The "trick" is to understand, that OpenGL does not have a camera. What is does is transforming the whole world by a movement that's the exact opposite of what a camera would have to be moved from position (0,0,0).
Such transformations (=movements) are described in form of so called homogenous transformation matrices. Fixed Function OpenGL uses a combination of two matrices:
Modelview M, which describes placement of the world and view (and objects within the world to some degree).
Projection P, which could be seen as kind of "lens" of the virtual camera (remember, there is no camera in OpenGL).
Any vertex position v is transformed by c = P * M * v (c is the transformed vertex coordinate in clip space, that is screen space not in pixels but with the screen edges at -1, 1 – the viewport then maps from clip space to screen pixel space).

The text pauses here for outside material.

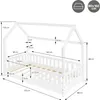 ML-Design Kinderbett 80x160 cm mit Matratze, Produktbild-Vorschau 7
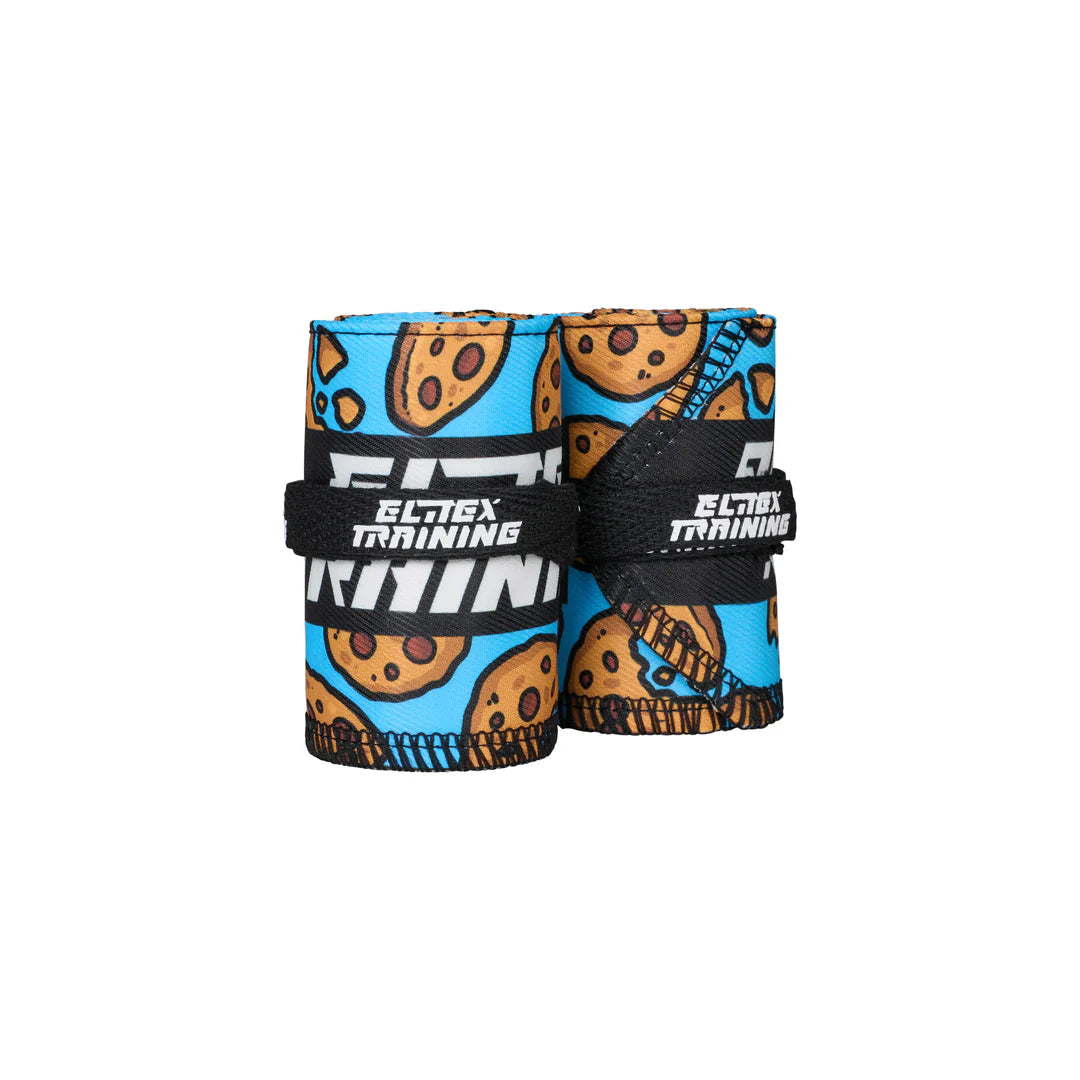 Bracelets en tissu pour cross training et haltérophilie - Cookie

What Android gives you is such a transformation matrix. I'm not sure, but looking at the values it might be, that you're given P * M. As long as there is no lighting involved you can load that directly into the modelview matrix using glLoadMatrix, and projection being set to identity. You pass matrices to OpenGL as a array of 16 floats; the indexing order of OpenGL sometimes confuses people, but the way you dumped the android matrices I think you already got them right (you printed them "wrong", transposed that is, which is the same pitfall people fall into with OpenGL glLoadMatrix, but two times transposing is identity, it's probably right. If it doesn't work at first, flip column and rows, i.e. "mirror" the matrix on its diagonal running from up-left do bottom-right).